ASSUNZIONE DELLA B.V. MARIA

L'imponente cima del Pisciadù con il laghetto sottostante

L’imponente cima del Pisciadù con il laghetto sottostante

«La cosa di cui ha più bisogno il tempo presente è l’eterno». Così scriveva un secolo e mezzo fa’ il filosofo danese Soren Kierkegaard, il quale utilizzava un’immagine efficace per descrivere la nostra società del provvisorio, del “mordi e fuggi”. Egli parla di una nave in crociera i cui passeggeri, però, non ricordano più dove sono diretti e non ascoltano più la voce del capitano che dà informazioni sulla rotta della nave, ma sono unicamente preoccupati di conoscere il menù del giorno fornito dal megafono del cuoco di bordo. Siamo la civiltà dell’effi-mero, in cui vale ciò che è quantificabile e remunerativo, e soprattutto ciò che si può ottenere subito e senza troppi sacrifici. Purtroppo tanti ragazzi e adolescenti non si domandano più che cosa faranno da grandi, ma si limitano al “che fare” dopo cena. La fedeltà è un valore in disuso. La costanza è considerata una virtù per deboli. La resistenza alle difficoltà della vita non si insegna più. Per fortuna, come quando arrivi qua in alto dalla città e respiri una boccata di aria fresca, anche la Chiesa ci regala in piena estate un’occasione per disintossicarci dal menù sempre uguale urlato dal megafono del cuoco in questa crociera della vita. Ci mostra semplicemente una donna – una creatura come noi e non una divinità perfetta e lontana – che ha però una particolarità che la festa di oggi vuole segnalare e solennizzare: ella porta il cielo incorporato nel suo grembo. Quando ci domandiamo il senso di questa solennità, dimentichiamo proprio di guardare Maria nella sua femminile umanità di donna incinta di Gesù. Contemplando il suo grembo colmo di Dio, comprenderemmo quasi per intuizione – senza bisogno che alcun dogma ci costringa a crederlo – che Maria non può che essere di già in cielo, appunto perché Ella il cielo se lo porta incorporato per sempre nel suo grembo. È l’esperienza di ogni mamma: continuare a portarsi dentro il cuore il figlio che ha portato nel grembo, essere per sempre modificata da quella presenza prima tenuta in corpo e poi data alla luce. Se il figlio di Maria è Dio, non ci può essere corruzione per la carne di Maria, come non vi è stata corruzione per la carne di Cristo, il Risorto e il Vivente.

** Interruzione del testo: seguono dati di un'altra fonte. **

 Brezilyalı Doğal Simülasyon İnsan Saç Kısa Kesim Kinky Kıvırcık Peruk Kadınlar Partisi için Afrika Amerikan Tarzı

Se il secolo presente ha bisogno dell’eterno, l’eterno di Maria ha un che di familiare per noi, perché è semplicemente un riverbero potente della presenza di Dio in lei. Maria non proclama scorciatoie verso Dio. Il suo Magnificat, cantato per la prima volta davanti alla gioia incontenibile di Elisabetta e di Giovanni, non nasconde affatto l’amara constatazione che la storia è apparentemente nelle mani dei potenti e dei prepotenti, ma svela come uno sguardo nuovo su questa nostra storia, sguardo di cui proprio lei, Maria, è la prima depositaria. Lo sguardo di Maria è la fede, la capacità e insieme il dono di sapersi affidare e fidare dell’Onnipotente. La fede è una certezza ma non perché il fedele abbia chissà quali garanzie circa la bontà del suo futuro, ma solo perché è solido il fondamento di Dio sul quale egli ha messo il suo cuore, e Dio sa fare grandi cose in coloro che ripongono in Lui la loro fiducia. Maria è un esempio umano di fede realizzata in terra e in cielo.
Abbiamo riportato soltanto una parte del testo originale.